En octobre, Marot s'en prend encore à l'autorité, civile cette fois. Sur un coup de tête, il s'attaque aux sergents du guet qui transfèrent un prisonnier d'une geôle à une autre. Le quidam parvient à s'échapper. Et, pour avoir porté secours à un parfait inconnu, le poète est de nouveau incarcéré, cette fois à la Conciergerie.
Il y revit l'Enfer, bien que de manière moins tragique, puisqu'il ne risque pas le bûcher. Là encore, il compose une épître à François 1er pour obtenir sa grâce. L'Epistre au roi pour le délivrer de prison est un petit chef d'oeuvre d'humour et de fantaisie dans lequel il fait mine de plaisanter sur sa nouvelle mésaventure.

"Roy des François, plein de toutes bontez,
Quinze jours a (je les ai bien comptés),
Et dès demain seront justement seize...
Trois grands pendards viendront à l'estourdie
En ce Palais me dire en desarroy :
'Nous vous faisons prisonnier par le Roy'.

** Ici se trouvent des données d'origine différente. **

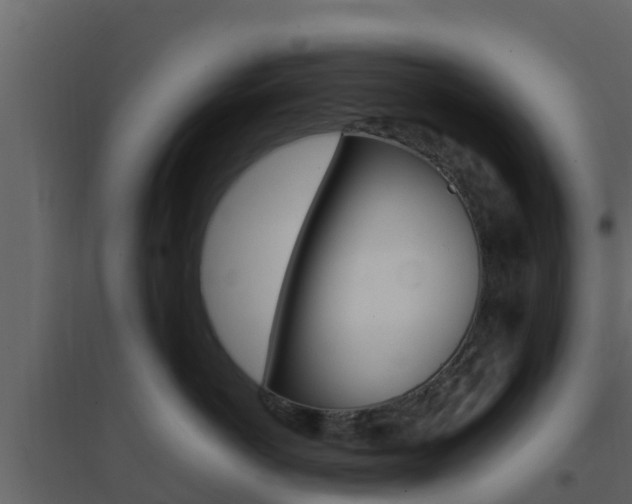 X0000096700766200802051101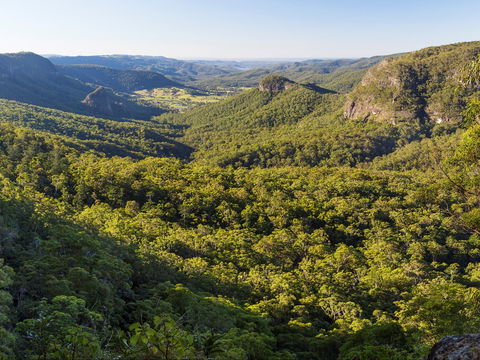 Gold Coast Hinterland Great Walk - Accommodation NT 0
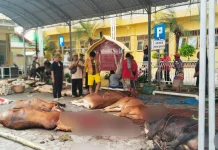 Masjid Agung Asy-Syahied Sampang Salurkan Daging Kurban ke Empat Kelurahan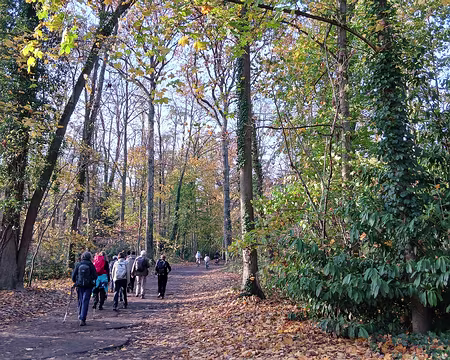 030 Arrivée dans la forêt domaniale de la Malmaison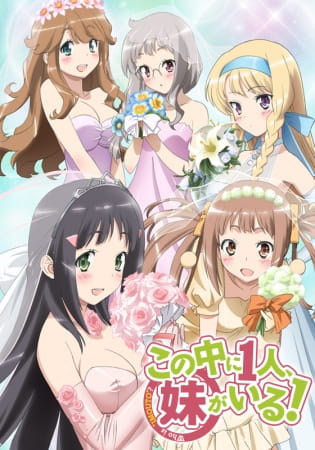 Anime NAKAIMO - My Little Sister Is Among Them! – Summer 2012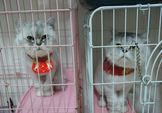 點選圖片可放大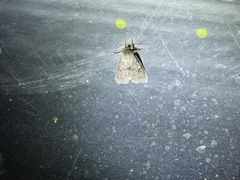 Acronicta americana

Incontinent, qui fut bien estonné?
Ce fut Marot, plus que s'il eust tonné."

C'est là tout l'art de Clément Marot, à la fois rebelle et bien aimé du roi, qui se lance dans des aventures insensées, traverse des moments difficiles, puis se tire d'affaire grâce à sa virtuosité et à la complicité de François 1er, qui ne peut résister à ses talentueuses épîtres. En amoureux des arts et des lettres, le souverain n'a jamais failli à son rôle de protecteur des écrivains et des artistes. Le 5 novembre, après quinze jours d'incarcération, Clément Marot est libéré sur ordre du roi. Celui ci, ne jugeant pas son cas pendable, s'est une fois de plus laissé séduire par son impertinence et l'élégance de son style.